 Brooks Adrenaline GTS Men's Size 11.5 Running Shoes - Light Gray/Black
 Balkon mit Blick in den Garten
* * *
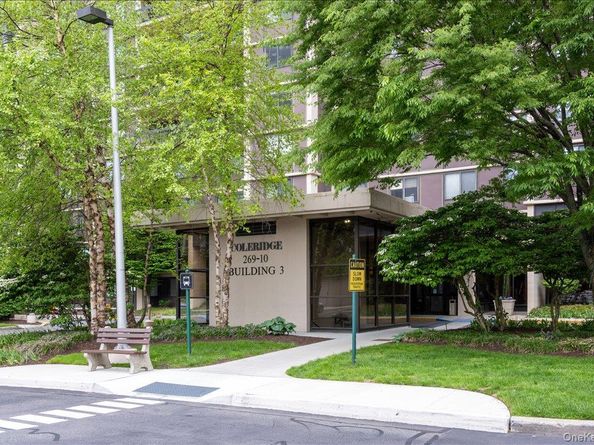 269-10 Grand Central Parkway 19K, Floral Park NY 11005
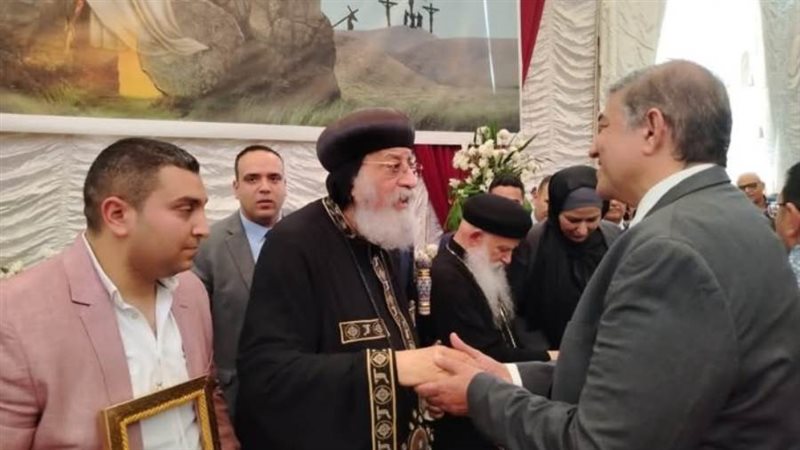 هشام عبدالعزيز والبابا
--
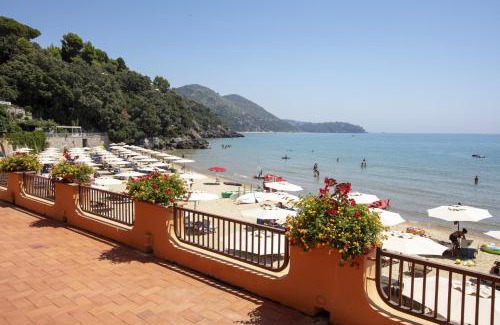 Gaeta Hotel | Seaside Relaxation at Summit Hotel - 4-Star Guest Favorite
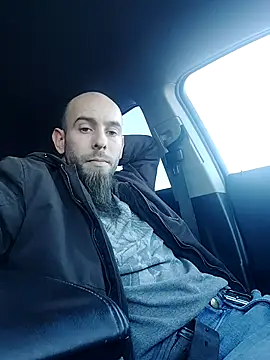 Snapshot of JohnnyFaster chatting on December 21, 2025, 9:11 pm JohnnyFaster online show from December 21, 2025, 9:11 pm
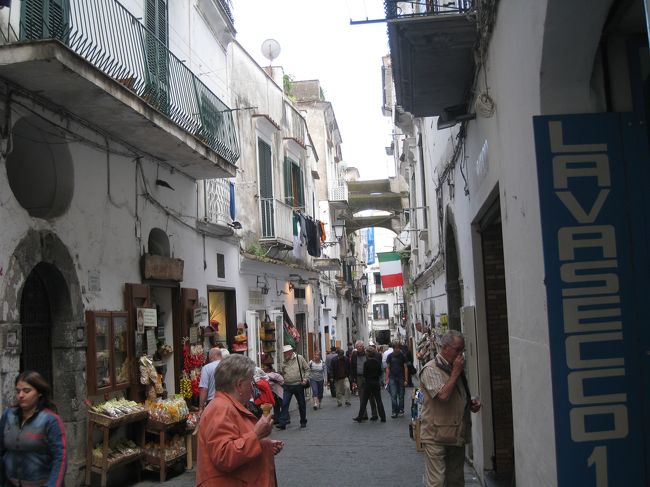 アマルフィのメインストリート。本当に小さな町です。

What to produce —
Copy out only the lines of the records above from the one with "Brooks Adrenaline GTS" through the one with "Balkon mit Blick in den Garten", exactly as they stand, both included.

Result of the exercise —
 Brooks Adrenaline GTS Men's Size 11.5 Running Shoes - Light Gray/Black
 Balkon mit Blick in den Garten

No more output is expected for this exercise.